There is a ratchet on the forward blocks and this is to control the easing of the sheet in medium to heavy airs. In light airs this ratchet can be turned off. In very heavy airs it may be necessary to load the sheet round a winch and have someone grind when the trimmer needs to pull in the sheet. This is also necessary to adjust the guy in heavy airs, especially on a shy reach. BE CAREFUL, IN ANYTHING BUT LIGHT AIRS- TENSION ON THE GUY IS SUCH THAT IT CANNOT BE CONTROLLD BY HAND. IT MUST BE ROUND A WINCH. THE FURTHER FORWARD THE POLE THE MORE TENSION IS ON IT. THIS IS SERIOUS !!
Crew weight downwind should be forward in light airs and back in heavy airs and on the windward rail on a shy reach.
Jibing. This is often thought to be a difficult, error prone maneuver but taken step by step should be as easy as tacking.
As soon as the call is made to prepare to jibe, the boat should be steered almost dead downwind and the pole brought back to 90 degrees to the boat. Bring in the sheet barber hauler. The next call is ‘trip’ and the pole will be taken off the mast, the guy released from the pole jaws, the new guy put into the jaws and the pole is pushed forwards so that the back end can be clipped onto the mast ring. As soon as this is done the foredeck shouts ‘made’ and the boom is jibed over and the boat steered onto its new course. The pole is then reset to this new course and the sheet barber released.
The spinnaker trimmer should not try to jibe the kite but simply be holding both sheet and guy to fly the kite forwards and clear of the forestay. Pulling the new sheet on early will disturb the air flow and risk the spinnaker falling back onto the forestay. If the spinnaker is too tight the main sail will blanket the air flow and the spinnaker may collapse. Also the foredeck needs enough slack on the sheets to be able to push the pole forwards far enough to get the back end onto the mast. So many times the inexperienced trimmer feels the need to “be doing something” and over trims and starts to pull on the sheet far too early. Only after the pole is on and the boom jibed over should the sheet be trimmed to the new course. In ‘downwind’ situations, same as upwind, the new course will be at the same angle as before the jibe. On a shy reach the boat turns through almost 90 degrees. The pole trimmer should be aware of this and be ready to trim the pole to its new position. Most of the time the pole will be at the same angle to the mast as before the jibe.
Dropping the spinnaker.
About 6 boat lengths before the leeward mark the jib goes up but is not ‘sheeted on’ until after the pole is on the deck safely outside the jib sheets. To drop the kite, cockpit will pull in the sheet barber hauler, take hold of the sheet, cockpit will let go of the guy completely, cockpit crew will gather in all the foot of the kite and then foredeck will let the halyard go steadily and the kite drops easily into the bag inside the cabin. TIP, it helps the person pulling in the foot of the kite if the halyard is released about one metre before the foot is pulled together, then gradually release completely remembering to look down for any approaching knots. If the pole is on the portside before the drop, foredeck has to get rid of the pole before the drop and this involves the trimmer flying the kite without the pole for a short time. Someone can act as human pole to help. If the pole is on starboard, foredeck can drop the pole during the kite drop so it’s a lot easier. The way we normally rig the pole control lines it is vital that the pole goes on the outside of the jib sheets during the drop and this is more difficult when we have to drop the pole first. It is ‘impossible’ unless the downhaul is right off because the front of the pole has to come far enough back to come round the back of the jib and it’s sheets. In this instance it is also important that the jib sheet is not pulled on until the pole is on the deck.
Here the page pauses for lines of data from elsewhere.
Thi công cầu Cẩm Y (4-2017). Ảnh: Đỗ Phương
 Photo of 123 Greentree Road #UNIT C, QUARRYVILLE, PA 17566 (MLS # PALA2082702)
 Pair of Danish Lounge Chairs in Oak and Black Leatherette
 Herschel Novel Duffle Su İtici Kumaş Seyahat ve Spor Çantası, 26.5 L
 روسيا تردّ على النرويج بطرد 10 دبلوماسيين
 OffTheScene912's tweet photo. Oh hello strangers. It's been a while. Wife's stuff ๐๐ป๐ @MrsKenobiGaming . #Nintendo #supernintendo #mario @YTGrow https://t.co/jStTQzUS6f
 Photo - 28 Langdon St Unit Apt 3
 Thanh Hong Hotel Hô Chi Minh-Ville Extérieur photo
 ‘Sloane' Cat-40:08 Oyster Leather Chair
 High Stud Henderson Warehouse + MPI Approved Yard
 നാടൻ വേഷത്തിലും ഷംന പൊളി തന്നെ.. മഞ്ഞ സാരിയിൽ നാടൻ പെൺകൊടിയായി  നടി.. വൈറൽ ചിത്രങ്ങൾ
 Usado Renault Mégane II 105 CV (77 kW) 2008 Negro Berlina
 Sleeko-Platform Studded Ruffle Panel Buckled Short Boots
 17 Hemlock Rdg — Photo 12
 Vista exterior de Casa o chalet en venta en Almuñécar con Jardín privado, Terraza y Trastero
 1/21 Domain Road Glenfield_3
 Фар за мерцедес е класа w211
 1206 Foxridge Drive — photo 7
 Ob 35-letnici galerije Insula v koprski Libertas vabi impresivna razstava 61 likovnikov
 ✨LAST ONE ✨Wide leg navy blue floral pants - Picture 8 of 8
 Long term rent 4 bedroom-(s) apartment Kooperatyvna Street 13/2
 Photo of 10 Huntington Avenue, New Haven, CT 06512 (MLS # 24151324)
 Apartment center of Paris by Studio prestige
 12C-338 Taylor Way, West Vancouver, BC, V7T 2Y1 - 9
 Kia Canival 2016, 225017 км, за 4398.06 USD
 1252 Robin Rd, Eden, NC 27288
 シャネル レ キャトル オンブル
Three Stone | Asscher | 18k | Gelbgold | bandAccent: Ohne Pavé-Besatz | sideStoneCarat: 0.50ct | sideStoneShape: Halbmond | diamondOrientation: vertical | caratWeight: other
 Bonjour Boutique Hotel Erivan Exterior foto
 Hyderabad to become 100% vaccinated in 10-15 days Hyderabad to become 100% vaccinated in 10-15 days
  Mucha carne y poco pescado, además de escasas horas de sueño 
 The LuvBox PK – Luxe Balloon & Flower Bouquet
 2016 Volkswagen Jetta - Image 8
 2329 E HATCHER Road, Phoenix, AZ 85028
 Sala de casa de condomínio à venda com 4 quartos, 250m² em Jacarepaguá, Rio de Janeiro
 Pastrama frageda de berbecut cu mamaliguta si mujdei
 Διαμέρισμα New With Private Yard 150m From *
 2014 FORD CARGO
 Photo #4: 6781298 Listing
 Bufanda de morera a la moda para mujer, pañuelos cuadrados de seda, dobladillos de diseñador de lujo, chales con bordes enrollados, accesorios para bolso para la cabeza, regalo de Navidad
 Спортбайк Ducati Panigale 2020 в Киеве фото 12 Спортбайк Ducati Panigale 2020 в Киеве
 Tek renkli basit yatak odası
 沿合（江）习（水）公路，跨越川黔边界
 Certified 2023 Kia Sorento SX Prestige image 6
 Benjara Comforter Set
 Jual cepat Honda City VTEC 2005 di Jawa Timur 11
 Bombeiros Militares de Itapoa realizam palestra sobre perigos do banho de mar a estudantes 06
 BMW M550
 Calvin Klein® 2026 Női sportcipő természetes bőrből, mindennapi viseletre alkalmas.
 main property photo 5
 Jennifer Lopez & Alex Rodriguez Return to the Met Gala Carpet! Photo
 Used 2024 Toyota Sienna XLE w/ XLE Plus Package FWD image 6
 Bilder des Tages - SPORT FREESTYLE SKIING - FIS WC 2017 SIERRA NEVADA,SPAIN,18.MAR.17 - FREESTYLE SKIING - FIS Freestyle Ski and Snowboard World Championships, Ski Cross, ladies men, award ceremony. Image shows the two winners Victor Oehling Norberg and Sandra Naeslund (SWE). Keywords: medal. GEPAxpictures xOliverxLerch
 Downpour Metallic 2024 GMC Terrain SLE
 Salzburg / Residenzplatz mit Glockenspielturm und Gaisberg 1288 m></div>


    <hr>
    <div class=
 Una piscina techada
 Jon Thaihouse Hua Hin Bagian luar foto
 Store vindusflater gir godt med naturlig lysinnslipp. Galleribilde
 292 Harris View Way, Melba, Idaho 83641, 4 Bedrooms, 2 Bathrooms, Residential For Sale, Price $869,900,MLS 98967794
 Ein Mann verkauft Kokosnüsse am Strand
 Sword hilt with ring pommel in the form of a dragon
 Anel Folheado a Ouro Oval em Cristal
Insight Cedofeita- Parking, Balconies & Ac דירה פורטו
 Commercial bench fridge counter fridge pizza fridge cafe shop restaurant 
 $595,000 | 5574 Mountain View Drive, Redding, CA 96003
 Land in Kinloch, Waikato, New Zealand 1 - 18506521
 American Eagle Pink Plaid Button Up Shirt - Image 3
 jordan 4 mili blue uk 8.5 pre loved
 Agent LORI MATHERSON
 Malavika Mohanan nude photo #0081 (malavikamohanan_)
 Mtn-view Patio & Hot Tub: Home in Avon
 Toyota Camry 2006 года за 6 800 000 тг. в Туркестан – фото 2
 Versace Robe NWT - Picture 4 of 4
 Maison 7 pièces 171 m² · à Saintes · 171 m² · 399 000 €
If the pole is on starboard this is not a problem as the pole is already on the outside of the jib sheets. Usually cockpit helps by releasing the spin pole topping lift but they must wait until foredeck says so. Dropping early, while the pole front is outside the boat, will result in the front of the pole dropping into the water and that’s not fast. Foredeck should replace the guy into the pole jaw if necessary and fence the jib ready for the windward leg. There is very little time for these jobs because skipper will be wanting everybody on the rail during, the rounding. Once on the rail and the boat settled down, foredeck should find the spinnaker halyard and secure it, under tension, in front of the spreaders with either tape, or some other retention method, on the shrouds ie the D1.
This needs to be someone quick and agile, not only to perform his jobs but he needs to be able to cross the boat quickly without disturbance over the cabin top amidst fittings and ropes. He cannot cross via the cockpit area because this would restrict the jib trimmer at a most vital time.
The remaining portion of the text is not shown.